Seine Jugendgruppe besuchte eines Tages ein HJ-Lokal. Zuvor war mit der Hitler-Jugend vereinbart worden, dass jede der beiden Gruppen ein kurzes Referat zur Vorstellung ihres jeweiligen Programms halten könne. Der Redner der Kommunisten, ein Jugendlicher, der Norbert genannt wurde, entlarvte, rednerisch geschickt das Programm der Nazis und deren soziale Demagogie und vertrat überzeugend das antifaschistische Programm der kommunistischen Jugend. Von da an verbot die HJ ihren Mitgliedern derartiger Versammlungen. Peter Gingold traf „Norbert“ erst 1945 wieder – er hieß in Wirklichkeit Emil Carlebach und hatte 11 Jahre Haft, davon fast zehn Jahre im KZ Buchenwald hinter sich.
Peter Gingold selbst floh nach einer ersten Verhaftung im Frühjahr 1933 und folgte im Sommer seiner Familie ins französische Exil. Dort kämpfte er in mit der KPD im Exil und in der Résistance. Im Februar 1943 wurde er in Dijon verhaftet, nach Paris gebracht und wochenlang verhört und gefoltert. Ihm gelang die Flucht, er schloss sich erneut der Résistance an und beteiligte sich am bewaffneten Aufstand zur Befreiung von Paris im August 1944. Anschließend war er Frontbeauftragter in den Kämpfen der Partisanen in Norditalien und erlebte den 8. Mai 1945 in Turin.

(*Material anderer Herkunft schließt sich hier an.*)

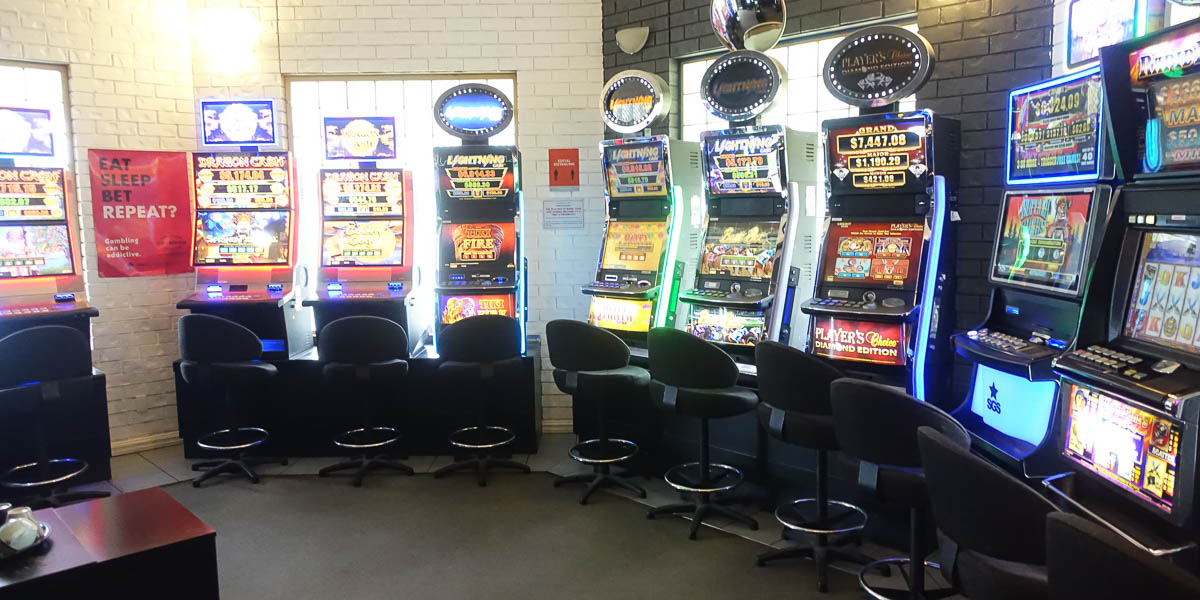 Mount Compass Tavern Photo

Nach der Befreiung lebte er wieder in Frankfurt und war in der kommunistischen und antifaschistischen Bewegung aktiv. Als Zeitzeuge sprach er vor tausenden Schulklassen und Jugendgruppen, auf Demonstrationen und Kundgebungen, wo er seine Erfahrungen auf sehr lebendige und eindringliche Art vermittelte.
In seinen 2009 erschienenen Lebenserinnerungen schrieb er: „1933 wäre verhindert worden, wenn alle Hitlergegner die Einheitsfront geschaffen hätten. Dass sie nicht zustande kam, dafür gab es für die Hitlergegner in der Generation meiner Eltern nur eine einzige Entschuldigung: Sie hatten keine Erfahrung, was Faschismus bedeutet, wenn er einmal an der Macht ist. Aber heute haben wir alle diese Erfahrung, heute muss jeder wissen, was Faschismus bedeutet. Für alle künftigen Generationen gibt es keine Entschuldigung mehr, wenn sie den Faschismus nicht verhindern.“
Peter Gingold starb am 29. Oktober 2006 in Frankfurt am Main.